# Problem description
When you reach the line with "鼻翼縮小手術推薦-新竹鼻翼手術" in the records below, begin transcribing exactly and continue up to and including the line with "Traumatology and orthopedics", leaving out every picture.
[Opening Recorded data section]
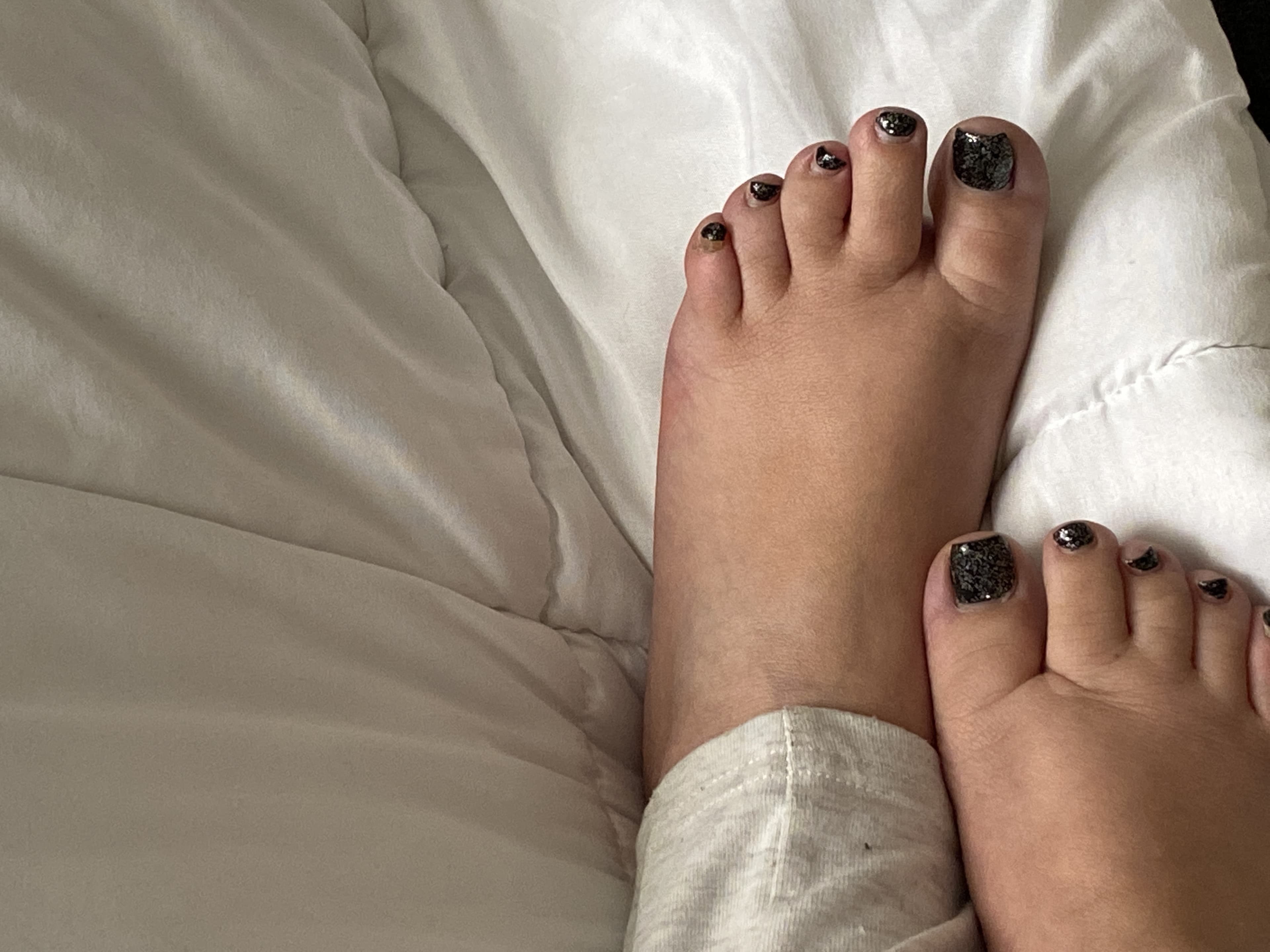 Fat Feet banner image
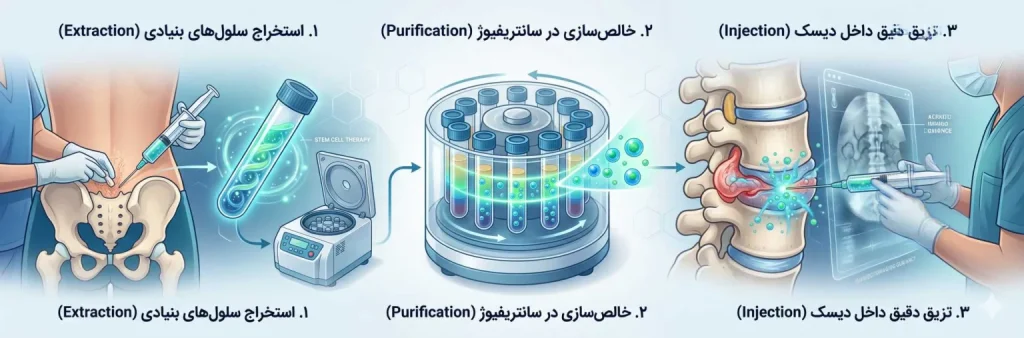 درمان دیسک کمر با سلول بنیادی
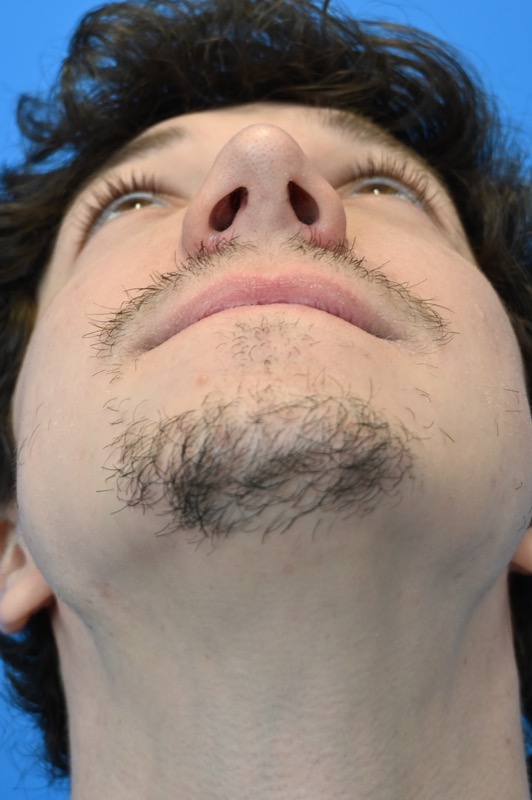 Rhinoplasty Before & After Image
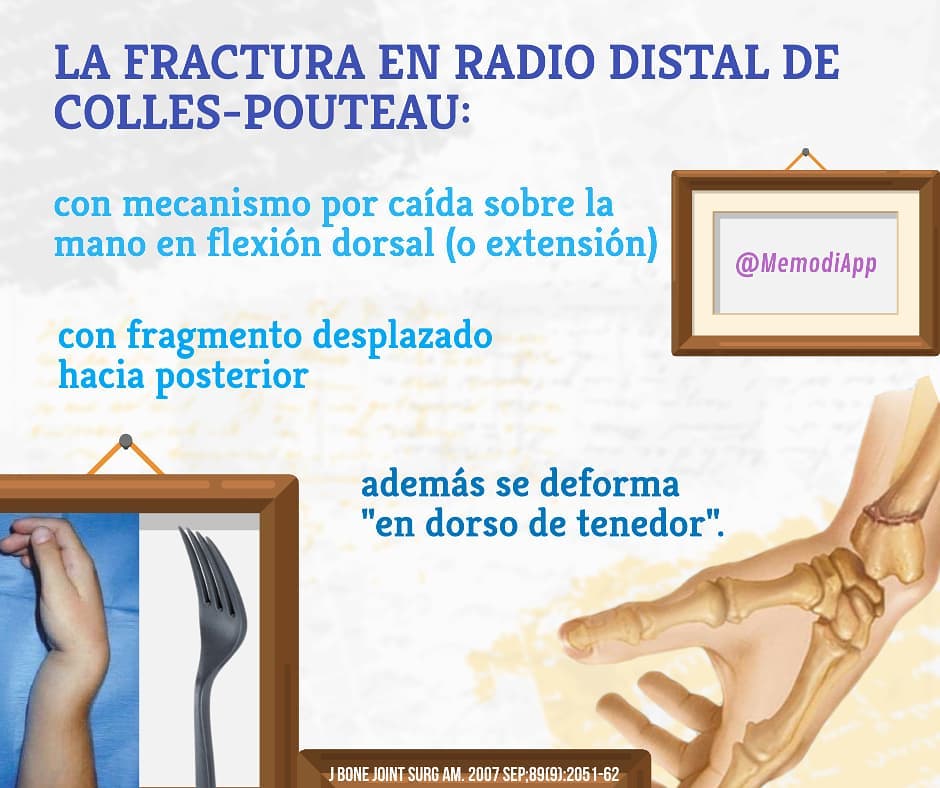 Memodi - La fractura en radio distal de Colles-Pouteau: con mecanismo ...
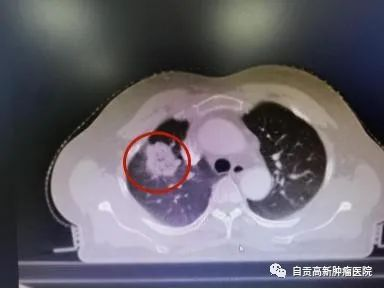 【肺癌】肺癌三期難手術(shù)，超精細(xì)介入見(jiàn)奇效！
[Closing Recorded data section]
[Opening Recorded data section]
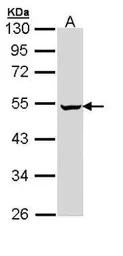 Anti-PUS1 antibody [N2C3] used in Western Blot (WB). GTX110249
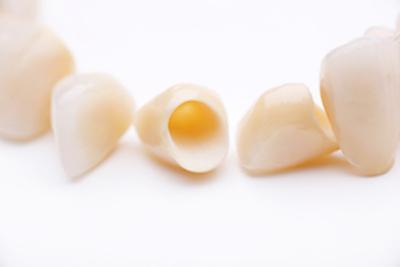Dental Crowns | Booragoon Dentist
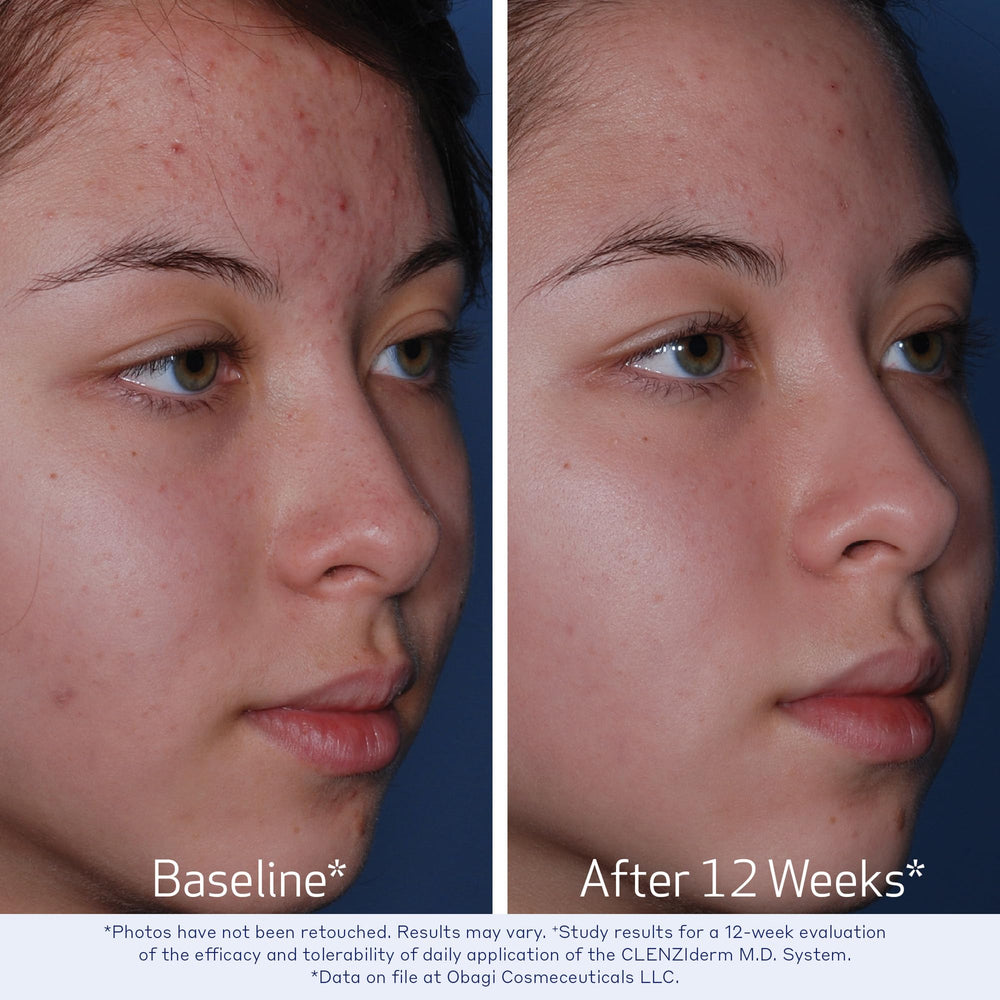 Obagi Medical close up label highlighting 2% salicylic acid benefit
[Closing Recorded data section]
[Opening Recorded data section]
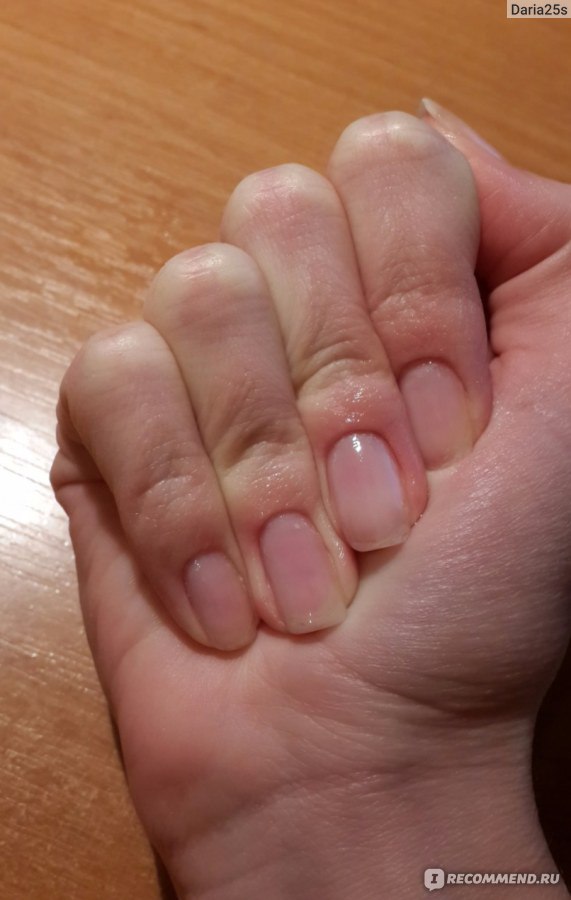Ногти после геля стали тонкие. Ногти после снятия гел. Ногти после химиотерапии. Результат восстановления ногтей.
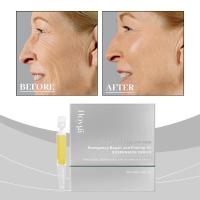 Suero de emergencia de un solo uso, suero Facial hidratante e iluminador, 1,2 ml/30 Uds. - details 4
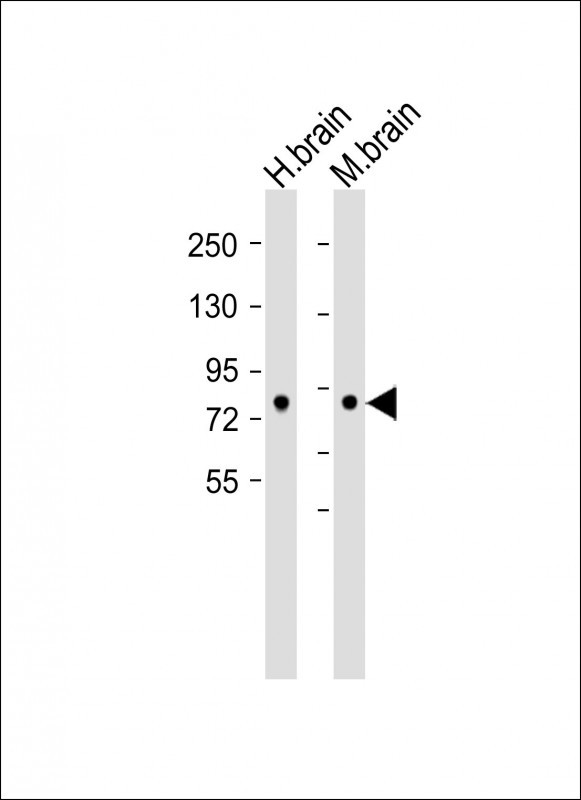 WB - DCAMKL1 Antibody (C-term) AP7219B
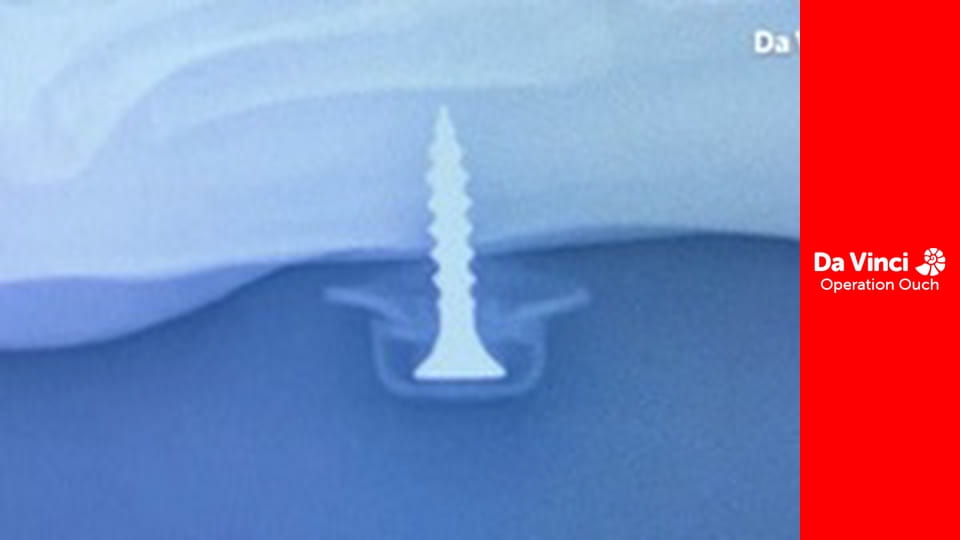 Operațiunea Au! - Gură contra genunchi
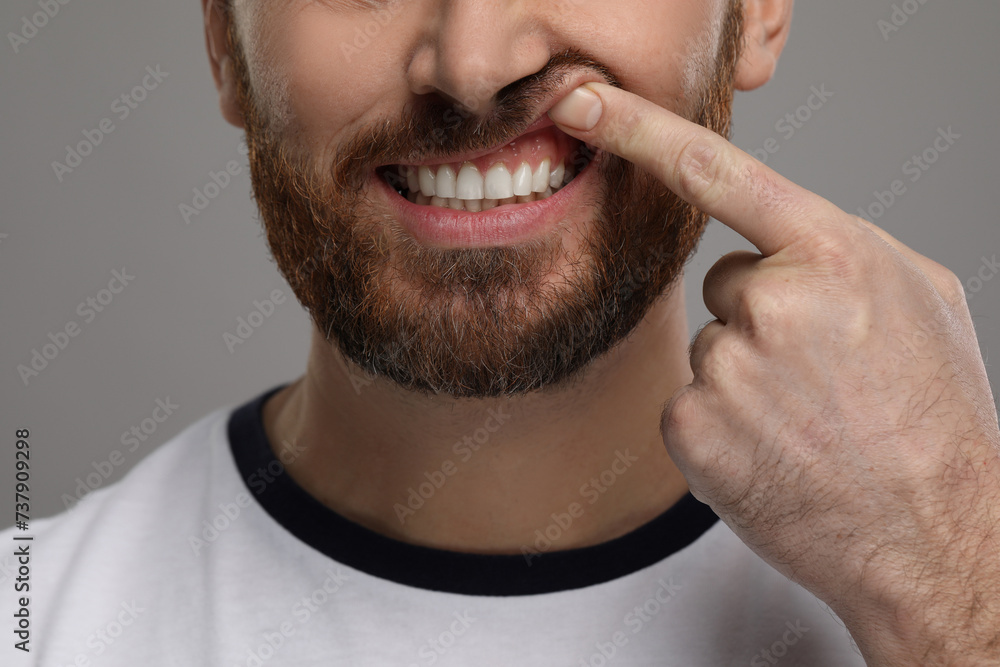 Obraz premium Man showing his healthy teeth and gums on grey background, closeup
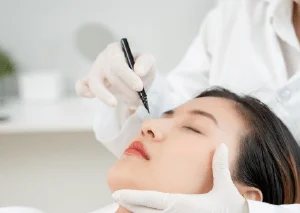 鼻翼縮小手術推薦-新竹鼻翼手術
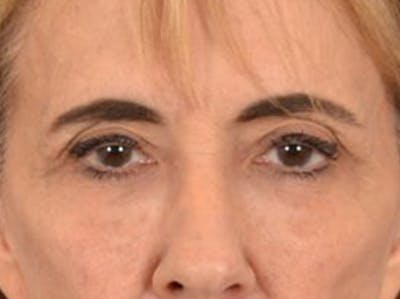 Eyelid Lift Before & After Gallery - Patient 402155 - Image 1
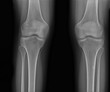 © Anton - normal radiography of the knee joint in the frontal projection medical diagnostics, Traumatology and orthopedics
[Closing Recorded data section]
# Finished task
 鼻翼縮小手術推薦-新竹鼻翼手術
 Eyelid Lift Before & After Gallery - Patient 402155 - Image 1
 © Anton - normal radiography of the knee joint in the frontal projection medical diagnostics, Traumatology and orthopedics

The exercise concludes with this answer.